Thank you in advance for the shared sacrifice you are making as we seek to win the future of interpersonal communication that we hope is a new normal in your daily consumption of of quasi-news that will occupy your mind while you serve s a pet parent. We provide opportunities for blowback at the end.
Well, there you have it–all of the words on the 2012 list of banished words as compiled by Lake Superior State University in Sault Ste. Marie, Michigan.
The list came to mind the other day as I passed through a grocery store checkout line and one of the rags that likes to show us pictures of dying moving stars, wronged starlets, drugged up and drunk people who are famous only because they are famous, and pregnant public figures had an exclusive front page picture of Duchess Kate Middleton’s baby bump. I felt sooooo relieved knowing that someone is out there watching Kate’s belly for any sign that she and her husband are — you know.
I don’t know which publication it was. At least it did not say she was expecting a Martian.
The issue came up in some miscellaneous newsroom discussion this morning and John Perkins, I think it was, who is one of our Brownfield Network colleagues, opined as to how he thinks “baby bump” is one of those phrases that should be banned from the English language. Or any language. And that led to the Lake Superior University list of banished words. A check of this year’s list shows that others have expressed this desire before John.
Each year the University compiles a list of words that become so catchy in the English language that they quickly begin to irritate the hell of of people who are able to communicate without babbling trendy phrases, worn-out words, weasely phrases — in other words, phrases and words that do not leave deep fingernail scratches on a mental blackboard.
“Amazing” was the top vote-getter for this year’s list. It is often pronounced “a-MAYZing” and replaces another banned word, “Awesome,” another word so overused and badly used that it produces winces.
Number two was “baby bump.” Those who nominated the phrase said they “were tired of a pregnancy being reduced to a celebrity accessory,” and tired of a phrase that “makes pregnancy sound like some fun and in-style thing to do, not a serious choice made by (at the very least) the woman carrying the child.”
Third was “shared sacrifice.” Fourth was “occupy,” which pushed one observer over the edge when he heard someone say “We are headed to Grandma’s House–Occupy Thanksgiving is underway.”
“Blowback” is followed by “Man Cave,” with “the new normal,” which was praised (?) for being used to “justify bad trends…and to convince people that they are powerless to slow or reverse those trends.”
Those of us who own dogs or cats might find the phrase “pet parent” to be absolutely stupid although my cat Frederick thinks my wife and I are his staff.
“Win the future” is followed by “Trickeration,” a word that seems to have come from the football broadcast booth and we all know how little comes from sports broadcasting booths that is useful in intelligent discussion.
The last two are “ginormous” and “thank you in advance.”
There’s more on the Lake Superior State University “banished words list” webpage, including lists from past years that when taken as a whole are a history of abuses and trendiness in the use of the English language, American version.

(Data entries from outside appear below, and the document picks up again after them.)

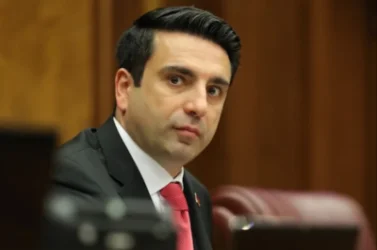 «Կարող ենք 10 ամիսը մեկ տանենք ձեզ արտահերթ ընտրությունների՝ հաղթենք, բերենք». Սիմոնյան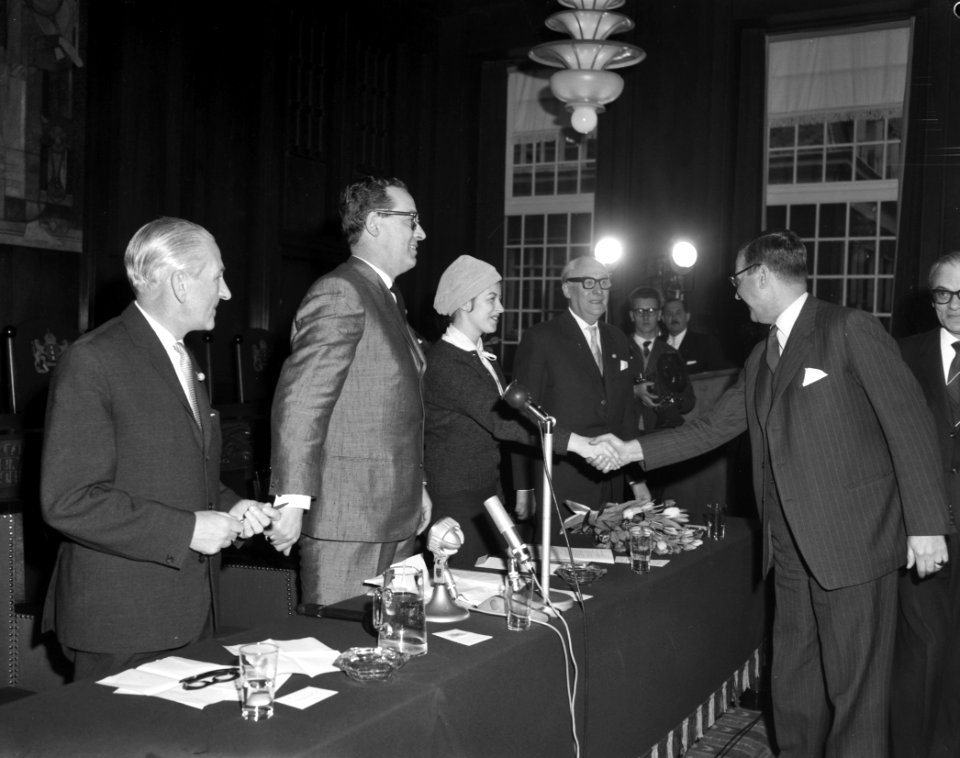 Gedenktegel tgv Zilveren Huwelijksfeest voor Burgemeester Van Hall Willy Wald, Bestanddeelnr 913-6895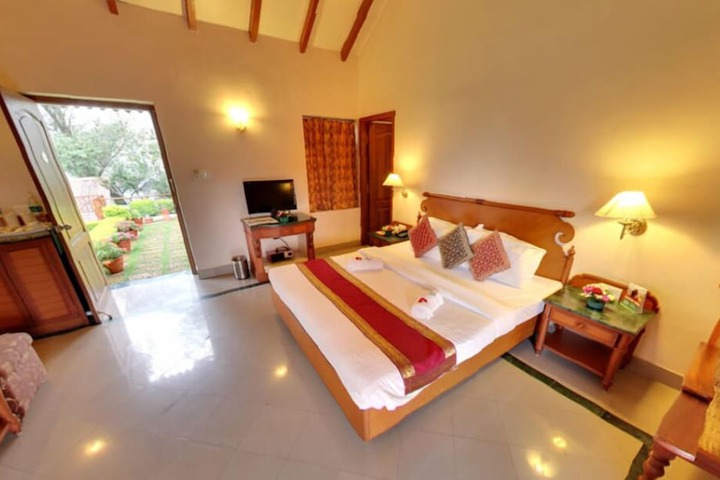 Room 10 of 26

These lists also should give pause to those who proclaim that English should be the official language for all kinds of things. If I were proficient in some foreign language and I read the list from LSSU, I would wonder why I should want to learn or be forced to learn a language such as this.
Listing words that need to be banished, unfortunately, carries little weight. The first list was compiled in 1976. We still hear people talk about things “at this point in time” that are “meaningful” and are “input” into a “scenario” (although we don’t know that we have heard anybody talk of a “meaningful input scenario at this point in time.” lately). We don’t hear “detente” very much anymore. But “macho” and the linked words “implement” and “viable,” and “dialogue” are on that list and certainly there are times when it is important to implement viable dialogue, maybe during history class discussions of detente.

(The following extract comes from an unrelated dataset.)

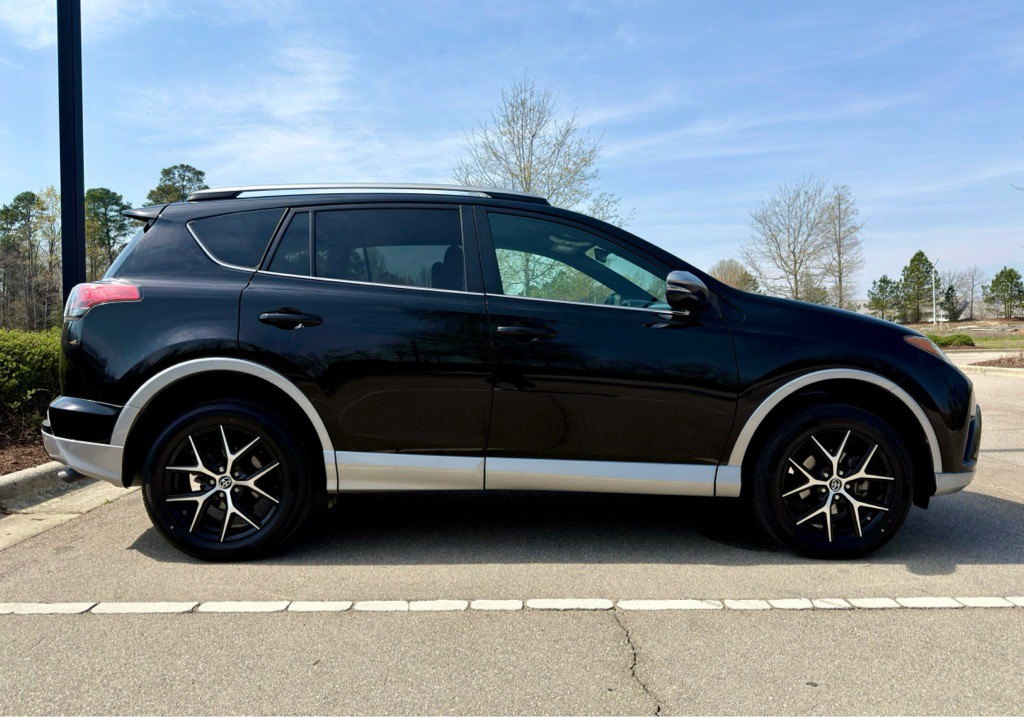 2017 Toyota Rav4 Image 4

For the record, I have told the Missourinet news staff that I don’t like to see the word “input” in our stories. “Output” seems to have been an established word in the language for a long time and is not as irritating as “input.” The worst “put” word has to be “throughput,” which sometimes provokes in this writer’s body a reaction similar to some of the morning activities of those with baby bumps.

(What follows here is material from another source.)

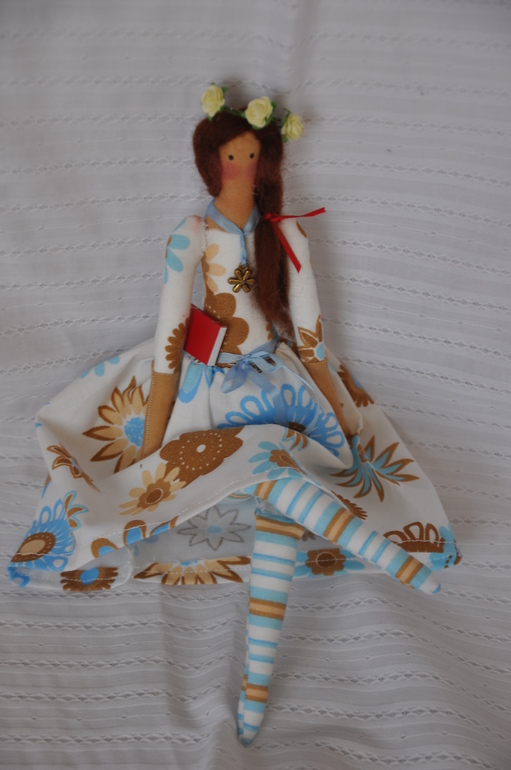 Три девицы с книжками)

At another grocery store today the checkout clerk told me to “have a good one.” That was on the 2001 list.
Sometimes I answer, “Thank you, I do.” But maybe the best way to stamp out that phrase is for all of us to respond, “Why can’t I have two?” Maybe the cheerful clerk will for the first time think of what he or she said. If enough of them do, we will take a ginormous step toward cleaner use of our language.